Work instructions –
The result should be a word-for-word retyping of the entries below, free of pictures.

Data excerpts –
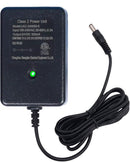 24V Battery Charger for Kids Ride-On Car with Charging Indicator Light Magic Cars Variant 0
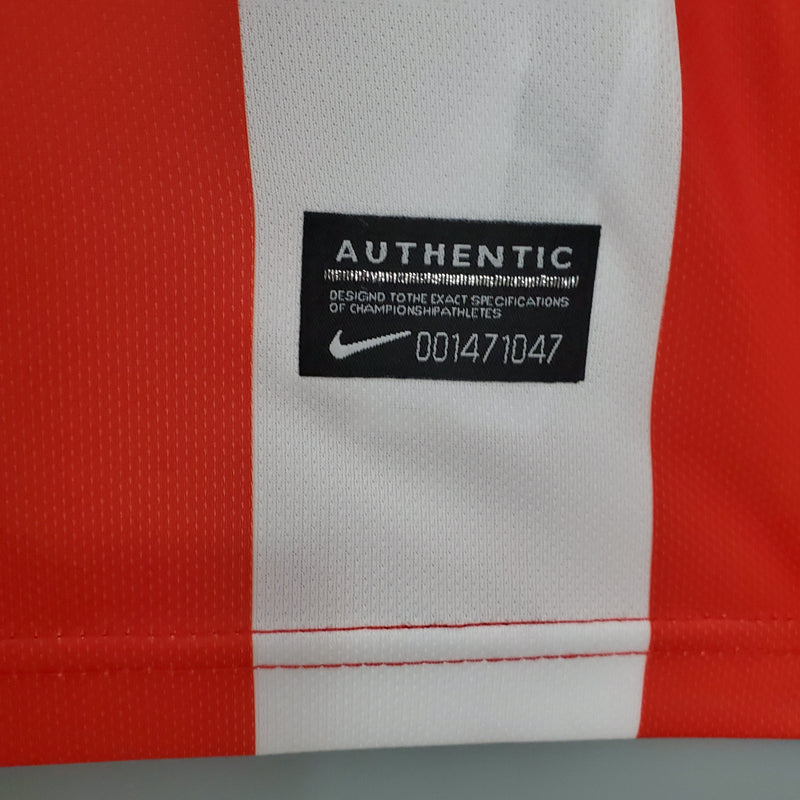 ATLÉTICO DE MADRID I 13/14 FAN (RETRO)
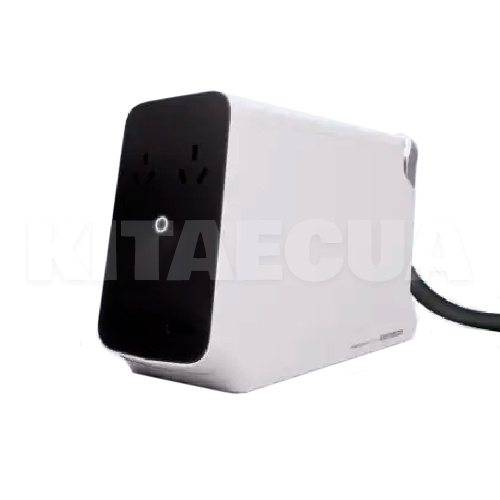 Інвертор-розрядник (розрядка V2L/V2H/V2G) 4/6 кВт GB/T DC (китайські електромобілі) Zorzen (Re-6kWh)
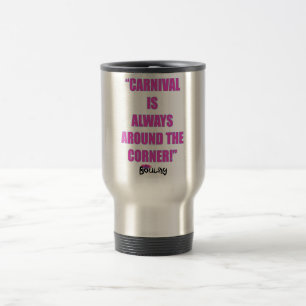 Térmica A caneca do viajante de Boulay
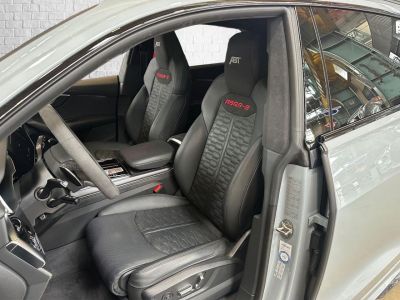 Audi RS Q8 RSQ8-S ABT 700ch Tiptronic 8 Quattro   - 6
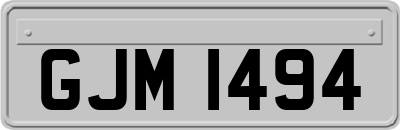 GJM1494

Result of the exercise –
 24V Battery Charger for Kids Ride-On Car with Charging Indicator Light Magic Cars Variant 0
 ATLÉTICO DE MADRID I 13/14 FAN (RETRO)
 Інвертор-розрядник (розрядка V2L/V2H/V2G) 4/6 кВт GB/T DC (китайські електромобілі) Zorzen (Re-6kWh)
 Térmica A caneca do viajante de Boulay
 Audi RS Q8 RSQ8-S ABT 700ch Tiptronic 8 Quattro   - 6
 GJM1494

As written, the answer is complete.